Regarding your latter question–what is the effect on static load when you rotate a object “hinged” at one end–it depends on how high the c.g. is when it is in the initial orientation. The higher the c.g. the faster load will be transfered to the hinged end, and the easier it is to cause it to tilt over center and fall; conversely, the lower it is, the further you have to push it to make it to over center, and thus it is more stable. (This is, all things being equal, why passenger cars have much lower incidence of rollovers than high-centered SUVs.) You can visualize this graphically by drawing a box and following the path of the c.g. as it rotates about a corner, and you can calculate this as a function of the horizontal component of the vector from the origin (hinged corner) to the c.g.
For instance, if the box is 8 feet wide and the c.g. is located 3 feet up from the bottom, the distance to the hinged corner is r= 5cos(arctan(3/4)+θ ). where θ is the angle at which you’ve rotated the box (so initially θ=0° ), while the horizontal distance to the lower non-hinge corner of the box where you are lifting is R=8cos(θ ).

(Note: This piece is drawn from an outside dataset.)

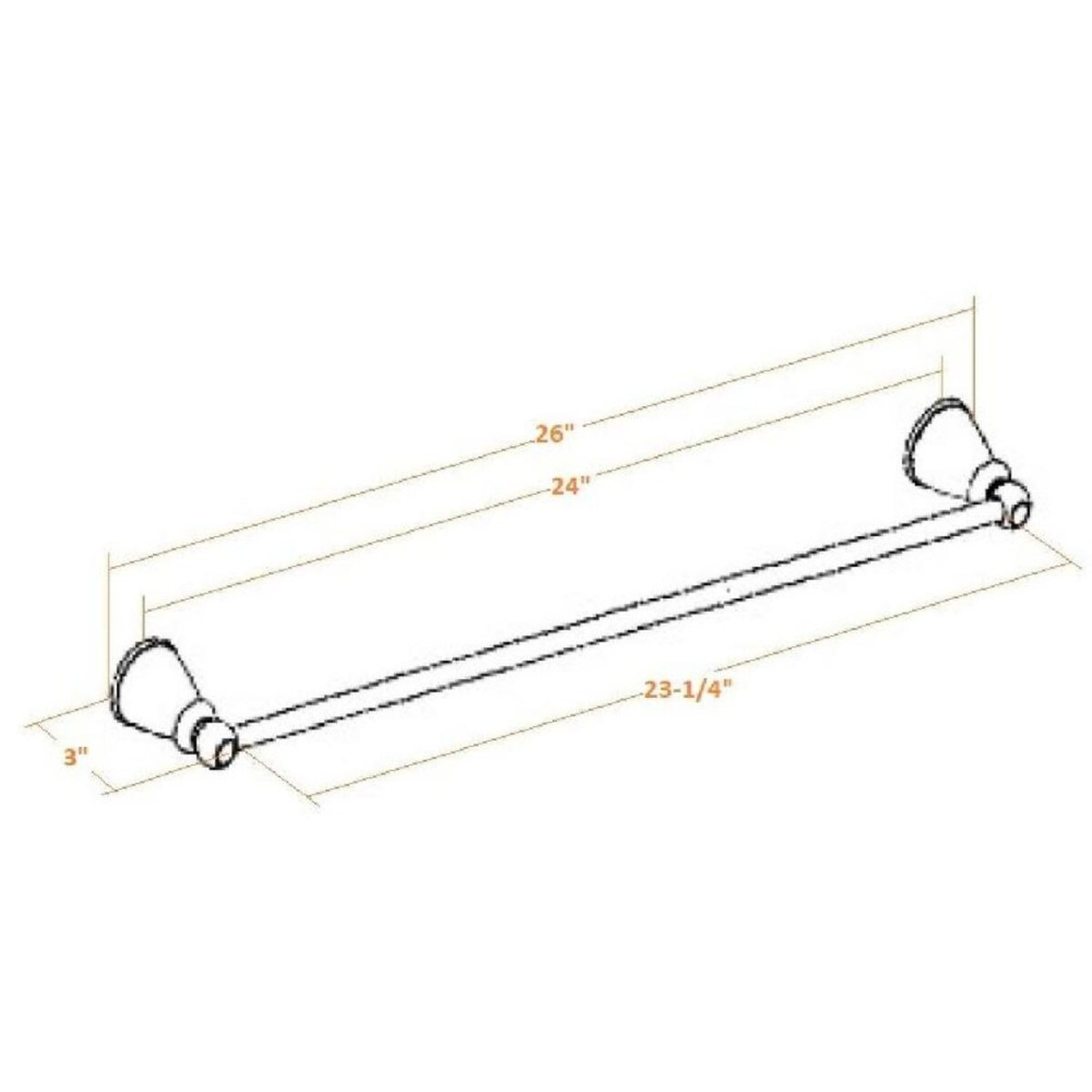 24" Kassel Towel Bar in Polished Chrome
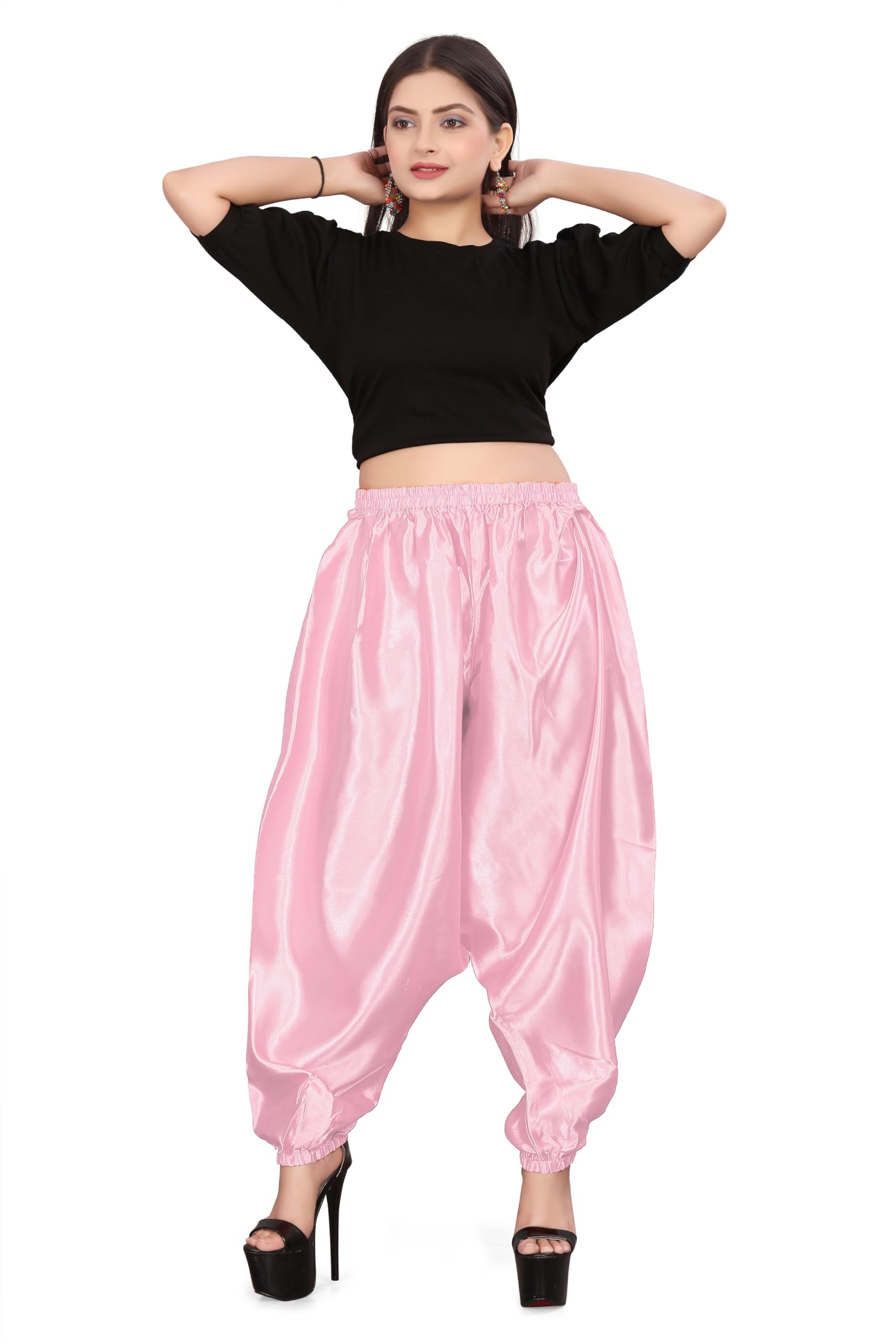 MEEK MERCERY BY KF Satin Belly Dance Harem Boohoo Pant – Elastic Waist, S to 5XL – 41 Colours – Flowing Performance Costume for Stage, Bollywood, Cosplay, Festival & Lounge Wear Light Pink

The ratio between these two (r/R) will give you how much of the load you’re carrying. (Technically you need to take the moment about the hinge point and set it equal to zero, then do the algebra, but it works out to the same thing.) Once you tilt the box more than 53.1° (for this particular example, I’ll leave it to you to back through the trigonometry), r≤0, the c.g. will be over the hinge, and now you’re going to have to pull back in order to keep it from falling over away from you.
I’ve looked online for an image to show this but didn’t find anything that satisfied me as being clear (although there are a lot of good statics tutorials online) but you can find this in any basic physics or statics book.
Stranger